En ce cas, spécifiquement, la tâche d’extraction de la trajectoire est confiée à la photographie, ou plus précisément à la chronophotographie : en traitant la source lumineuse comme une « encre spatio-temporelle », les procédés chronophotographiques « constituent en quelque sorte des bougés, des “traînes” dirait Didi-Huberman, dans le sens où elles laissent apparaître un déplacement du mobile par sa présence étendue en différents points de l’image, paraissant ainsi simultanés16 ». On rend ainsi visible l’invisible. Mais il est également vrai que ce procédé de visualisation recouvre une opération concomitante d’invisibilisation ou d’effacement. Sur le cliché des Gilbreth, le corps du travailleur se floute en un halo indistinct à l’arrière-plan. Le corps disparait littéralement derrière les lignes de son geste. Du corps évanescent, il ne reste plus que le fossile éblouissant de ses mouvements passés.
Michel Foucault a montré que les dispositifs disciplinaires des XVIIIe et XIXe siècles mobilisaient « une sorte de schéma anatomo-chronologique du comportement17 ». Mais ce n’est plus exactement ce dont il s’agit ici. Si le schéma est toujours en un sens chronologique (et même chronospatial), il n’est plus anatomique. Du corps vivant du travailleur, on ne retient plus que « l’orbite du mouvement 18 ». Une « orbite » – la métaphore est instructive : on passe pour ainsi dire d’une anatomie à une micro-astronomie du geste productif, où les lueurs des petites ampoules électriques auraient remplacé celles des astres, quoique pour un tout autre genre d’étude.

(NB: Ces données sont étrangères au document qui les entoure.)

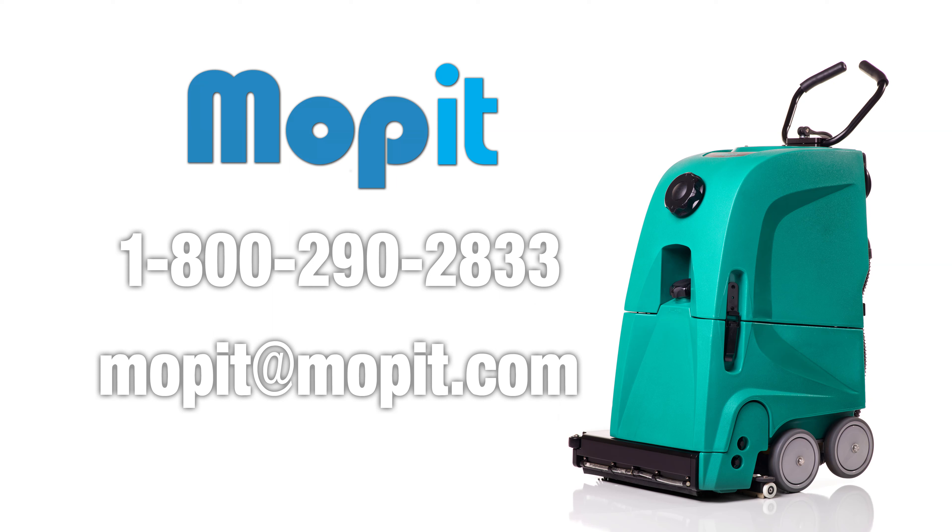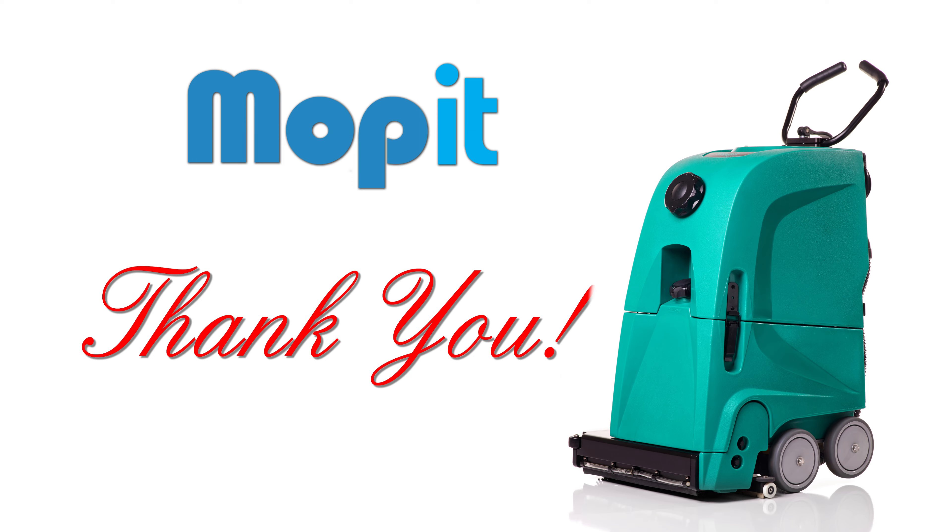Give us a call at 1-800-290-2833 or email us at moppet@moppet.com if you have any servicing or other questions about your Moppet. Thanks for being a Moppet customer.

Or ces orbites, il ne s’agit pas seulement de les visualiser, mais aussi de les modéliser pour mieux les transformer. Si on analyse les trajectoires de mouvement, c’est afin de les épurer, de les débarrasser de leurs détours inutiles : principe « d’élimination des déchets 19 ». La modélisation est un prélude à la standardisation : « En comparant de tels graphes ou modèles montrant les trajectoires de différents opérateurs en train de faire le même genre de travail, il est possible d’en déduire quelle est la méthode la plus efficiente et de l’ériger en standard 20. » La méthode, étymologiquement, c’est le chemin à suivre. Le standard, c’est le chemin le plus court, le plus économique21.
Les Gilbreth sculptent aussi ces modèles de mouvement en trois dimensions avec du fil de fer et s’en servent « pour apprendre la trajectoire du mouvement 22 » aux opérateurs. Le geste du travailleur, redessiné en laboratoire, retourne dans l’atelier sous forme modifiée – cette fois comme un fil conducteur auquel les corps productifs doivent conformer leur danse.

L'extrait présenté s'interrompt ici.